The virtuoso insertion aria attributed to Angelica Catalani [see my Example 2] comes down to us in some dozen editions published in Paris, Edinburgh,
London, Philadelphia, Boston, Vienna and Amsterdam; as late as 1871 a fresh orchestration was made by Friedrich Kücken
and published by B. Senff in Leipzig. The original variations were composed by Ferndnando Paër (and then elaborated
upon by Catalani), since the earliest print (Paris: Naderman, 1817) attributes the "variations chantées par Madame Catalani
au Théâtre royal italien" to him, and his manuscript "messa in terzetto dal Maestro Ferd. Paer" (STB + orchestra) survives in
the Openbare Bibaliotheek in Amsterdam (Kluis MS PAE-33).
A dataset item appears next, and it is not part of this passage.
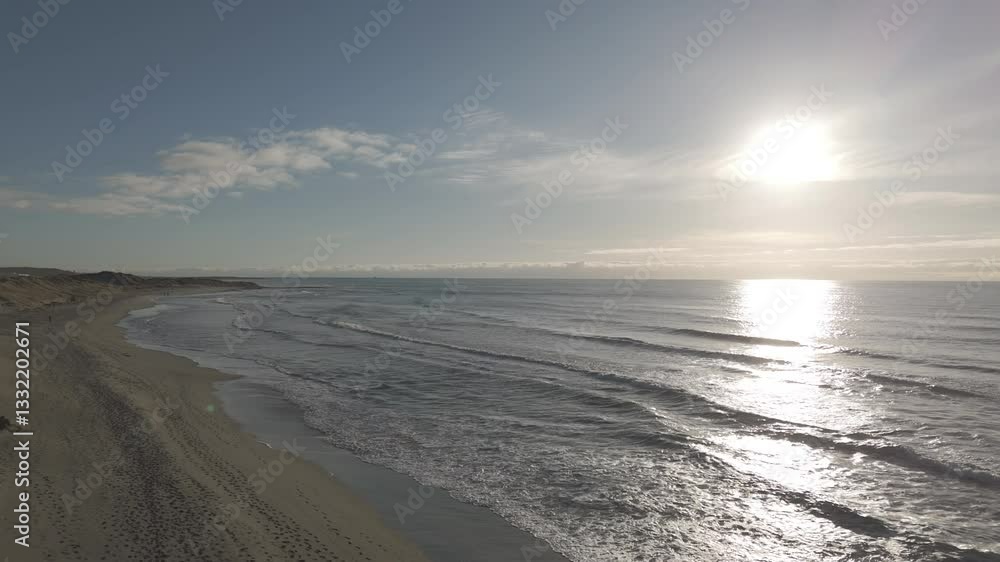 Backwards flying drone shot over the dunes near Borestranda Norway during sunset going away from the beach and sea and flying upwards for an overview shot LOG Backwards flying drone shot over the dunes near Borestranda Norway during sunset going away from the beach and sea and flying upwards for an overview shot LOG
An early arrangement for voice and guitar appears in the Entire
New and Complete Instructions for the Guitar by a Professor (London: George Astor, ca. 1799). Others include banjo
(see Example 5), guitar (Converse, see Example 7 and Francesco Molino [as a "rondo" and in a variation set]), harmonium
(Example 8). Et cetera, etc., etc. The theme was quite famous when Sor encountered it
and he may simply have wished to take advantage of its popularity.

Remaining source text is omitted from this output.